NATIONAL DIRECTORATE OF EMPLOYMENT (NDE) V. MRS. ABIMBOLA FOLASAYO & ORS

(2007)LCN/2569(CA)

In The Court of Appeal of Nigeria

On Monday, the 10th day of December, 2007

CA/I/118/2003

RATIO

JUDGMENT AND ORDER – CONSENT JUDGMENT : WHETHER CONSENT JUDGMENT IN APPROPRIATE CASES CAN SUSTAIN A PLEA OF RES JUDICATA 

“..it is true that a consent Judgment can, in appropriate cases, sustain a plea of res judicata. The fact that a Judgment was obtained upon consent of both parties will not bar it from operating as estoppel – see The Honda Place Ltd. V. Globe Motors Ltd. (2005) 14 NWLR (pt. 945) 273 SC” PER AUGIE, J.C.A.

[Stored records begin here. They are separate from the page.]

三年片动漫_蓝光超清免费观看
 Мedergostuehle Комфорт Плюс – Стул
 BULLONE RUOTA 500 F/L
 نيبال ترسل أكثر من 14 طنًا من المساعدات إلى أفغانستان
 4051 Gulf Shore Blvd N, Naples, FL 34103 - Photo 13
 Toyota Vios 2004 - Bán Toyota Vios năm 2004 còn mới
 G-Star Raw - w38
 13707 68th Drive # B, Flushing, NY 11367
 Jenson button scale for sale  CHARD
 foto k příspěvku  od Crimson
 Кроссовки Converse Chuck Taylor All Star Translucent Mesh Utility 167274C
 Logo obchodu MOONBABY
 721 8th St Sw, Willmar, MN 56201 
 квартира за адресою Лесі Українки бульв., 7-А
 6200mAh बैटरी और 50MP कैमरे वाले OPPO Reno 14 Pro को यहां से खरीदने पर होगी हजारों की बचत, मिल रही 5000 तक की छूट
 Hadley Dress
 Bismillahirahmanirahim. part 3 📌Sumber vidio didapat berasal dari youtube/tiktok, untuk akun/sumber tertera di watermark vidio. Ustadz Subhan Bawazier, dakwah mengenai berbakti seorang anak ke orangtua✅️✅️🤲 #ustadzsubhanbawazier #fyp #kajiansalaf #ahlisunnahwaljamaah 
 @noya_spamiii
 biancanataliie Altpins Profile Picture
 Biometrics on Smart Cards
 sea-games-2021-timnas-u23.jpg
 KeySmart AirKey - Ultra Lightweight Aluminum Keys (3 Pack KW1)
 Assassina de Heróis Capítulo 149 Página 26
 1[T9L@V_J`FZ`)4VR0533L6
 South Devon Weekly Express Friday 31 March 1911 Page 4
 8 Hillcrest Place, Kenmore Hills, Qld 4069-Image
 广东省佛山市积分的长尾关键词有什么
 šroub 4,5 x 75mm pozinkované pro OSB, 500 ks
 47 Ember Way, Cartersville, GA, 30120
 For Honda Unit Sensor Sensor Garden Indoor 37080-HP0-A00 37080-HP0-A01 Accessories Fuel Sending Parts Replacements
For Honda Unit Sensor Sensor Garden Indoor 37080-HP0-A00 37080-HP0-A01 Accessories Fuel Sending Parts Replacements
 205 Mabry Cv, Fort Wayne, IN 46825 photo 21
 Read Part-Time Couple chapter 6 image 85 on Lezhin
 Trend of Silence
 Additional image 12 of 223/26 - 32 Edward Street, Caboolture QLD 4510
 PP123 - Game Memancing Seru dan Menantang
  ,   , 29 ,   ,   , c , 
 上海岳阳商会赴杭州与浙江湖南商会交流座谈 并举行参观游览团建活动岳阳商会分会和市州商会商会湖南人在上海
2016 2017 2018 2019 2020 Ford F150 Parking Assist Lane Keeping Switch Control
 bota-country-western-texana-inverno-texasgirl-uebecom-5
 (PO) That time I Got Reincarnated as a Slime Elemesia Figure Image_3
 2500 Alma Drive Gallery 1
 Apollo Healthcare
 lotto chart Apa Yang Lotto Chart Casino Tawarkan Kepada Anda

JUDGMENT AND ORDER – CONSENT JUDGMENT AND JUDGMENT BASED ON ADMISSION : DISTINCTION BETWEEN A CONSENT JUDGMENT AND JUDGMENT BASED ON ADMISSION

“..there is a great difference between a consent Judgment and a Judgment entered on basis of admission. To have a consent Judgment, the parties must be ad idem as far as the agreement is concerned, and the Terms of Settlement must be filed in Court; it is when the Court makes an order based upon such Terms of Settlement that a consent Judgment emerges – see Ojora V. Agip (Nig.) Ltd, (2005) 4 NWLR (pt 916) 515. In contrast, where the claim is for a definite sum allegedly owed by the Defendant, and the Defendant admits owing part of this sum, the Court can and usually will enter Judgment for the sum admitted and leave the balance of the claim to be contested by the parties – see A.I.B. Ltd. v. Packoplast (Nig.) Ltd, (2003) 1NWLR (Pt. 802) 502; A.T.M. Plc v. B.V.T. Ltd. (2007) 1NWLR (pt. 1015) 259, & Ikpala Estates Hotel Ltd. V. NEPA (2004) 11 (Pt. 884) 249” PER AUGIE, J.C.A.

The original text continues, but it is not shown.